If you don't know when or where blocking occurs (be it on I/O or mutexes or other such things), you're forced to make up for it by increasing the size of your thread pool. But larger thread pools come with a penalty: task switches are expensive! Scheduling is expensive! AVX 512 registers alone are 2KB of state per task, and if a thread hasn't run for a while, you're probably missing on your L1 and L2 caches. That's pure overhead baked into the thread pool architecture that you can entirely avoid by using an event driven architecture.
All the high performance systems I've worked on use event driven architectures -- from various network protocol implementations (protocols like BGP on JunOS, the HA functionality) to high speed (persistent and non-persistent) messaging (at Solace). It just makes everything easier when you're able to keep threads hot on locked to a single core. Bonus: when the system is at maximum load, you remain at pretty much the same number of requests per second rather than degrading as the number of threads ready to run starts increasing and wasting your CPU resources needlessly when you need them most.
It's hard to believe that the event queue architecture I first encountered on an Amiga in the late 1980s when I was just a kid is still worth knowing today.
Relevant: https://db.cs.cmu.edu/papers/2022/cidr2022-p13-crotty.pdf
You're right. O_DIRECT is the endgame, but that's a full engine rewrite for us.
We're trying to stabilize the current architecture first. The complexity of hidden page fault blocking is definitely what's killing us, but we have to live with mmap for now.
I am curious -- what is the application and the language it's written in?

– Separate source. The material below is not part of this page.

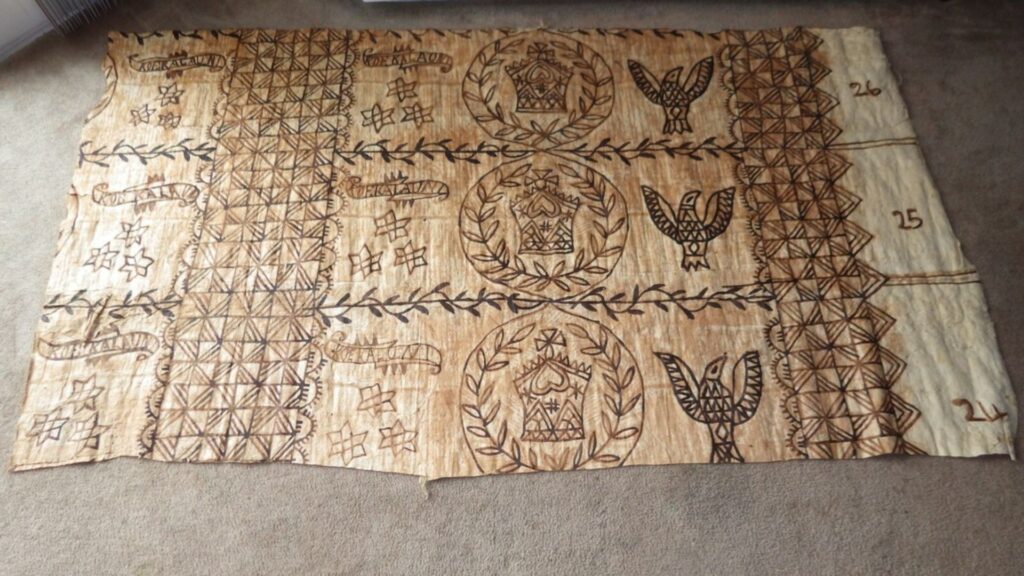 tongan barkcloth Patterns - what is barkcloth tongan barkcloth Patterns - what is barkcloth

There are insanely dirty hacks that you could do to start controlling the fallout of the page faults (like playing games with userfaultfd), but they're unmaintainable in the long term as they introduce a fragility that results in unexpected complexity at the worst possible times (bugs). Rewriting / refactoring is not that hard once one understands the pattern, and I've done that quite a few times. Depending on the language, there may be other options. Doing an mlock() on the memory being used could help, but then it's absolutely necessary to carefully limit how much memory is pinned by such mappings.
Having been a kernel developer for a long time makes it a lot easier to spot what will work well for applications versus what can be considered glass jaws.
There is a database that uses `mmap()` - RavenDB. Their memory accounting is utter horror - they somehow use Commited_AS from /proc/meminfo in their calculations. Their recommendation to avoid OOMs is to have swap twice the size of RAM. Their Jepsen test results are pure comedy.
LMDB uses mmap() as well, but it only supports one process holding the database open at a time. It's also not intended for working sets larger than available RAM.